Now, the Supreme Court is listening to her case, after the 9th US Circuit Court of Appeals in San Francisco ruled she deserves an explanation.

“This case is about whether or not the government gets a blank check to deprive a US citizen a fundamental right without providing any sort of reason or basis whatsoever,” said Anoop Prasad, one of Din’s lawyers at San Francisco-based Asian Law Caucus. “You can’t just give a one-sentence denial and say that’s it. The constitution requires more than that.”

Government lawyers would not respond to interview requests for this story, but in their brief and in arguments before the Supreme Court, they said that just because a US citizen marries a foreigner, that doesn’t give her the right to bring him to the US. Also, they argued, there’s no right to a visa denial review. The US can’t just open its books and let its intelligence spill out.

Jennifer Daskal, an assistant law professor at American University's Washington College of Law, said the case reveals a larger issue about visa decisions based on CIA and FBI watchlists.

“Given the quantity of individuals who are on these lists, there are errors,” Daskal said. “There are concerns about real dramatic impact on peoples’ lives being based on decisions that are totally unreviewable.”
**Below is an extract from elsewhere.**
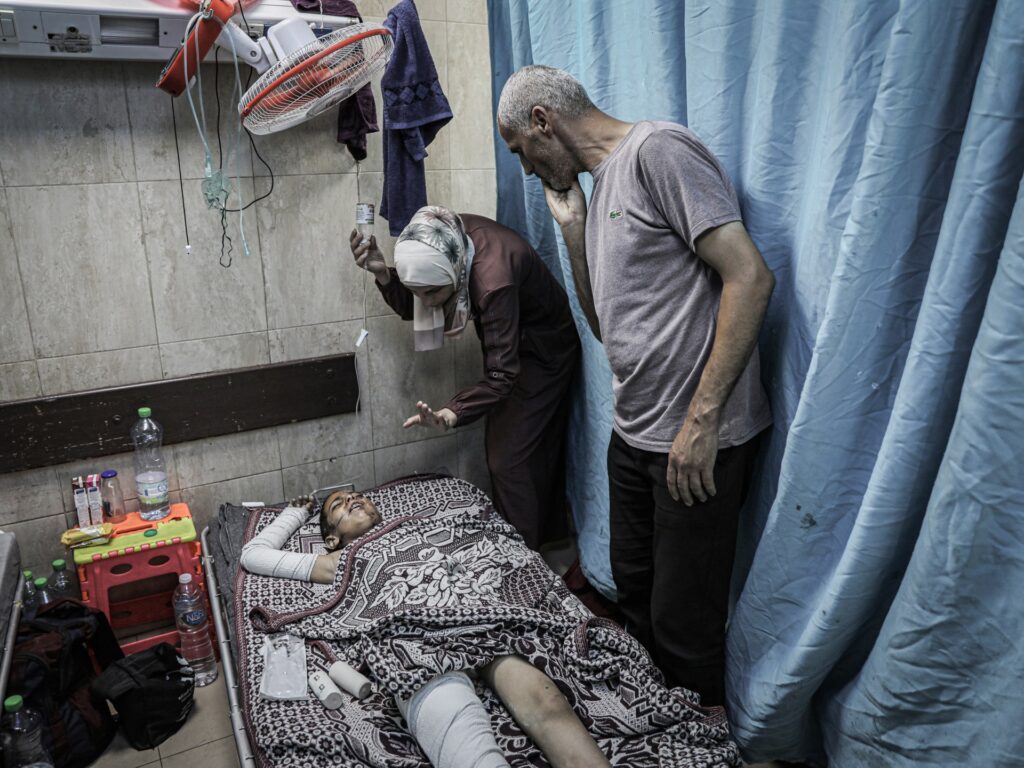 Gaza girl shares story of being found alive in morgue after Israeli attack Gaza girl shares story of being found alive in morgue after Israeli attack
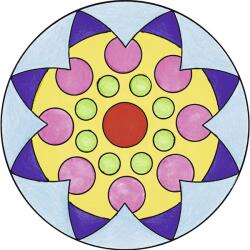 Ravensburger Set de creatie mini mandala clasic (RVSAC29857)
From what Din and her lawyers can tell, nobody has investigated Berashk’s history on the ground in Afghanistan. “We went and we talked to everyone in his neighborhood — his friends, his family members, his co-workers, his supervisors, and none of them had been interviewed by the State Department,” said Prasad. “And he welcomes that kind of investigation because if they did actually talk to people who knew him, they would realize that he was real apolitical and not involved in anything remotely linked to terrorism.”

I wanted to talk Berashk too, but he didn’t want to talk with his Supreme Court case pending.

Din says she and her husband understand the US must protect its borders, but fear too many people who pose no danger to the US can fall onto long watchlists.

The Supreme Court’s ruling isn't expected for several more weeks. But even if it favors Din, it won’t mean her husband will get a visa — rather a win might just mean one more line from the government about why the visa was denied.

Meantime, Din’s dilemma continues. She doesn’t want to move to Afghanistan. It isn’t safe, she says. The United States is her country.

She will continue to make her regular trips to the store to buy phone cards, so that she can call Berashk in Kabul. After more than nine years apart, she has shoeboxes full of the cards.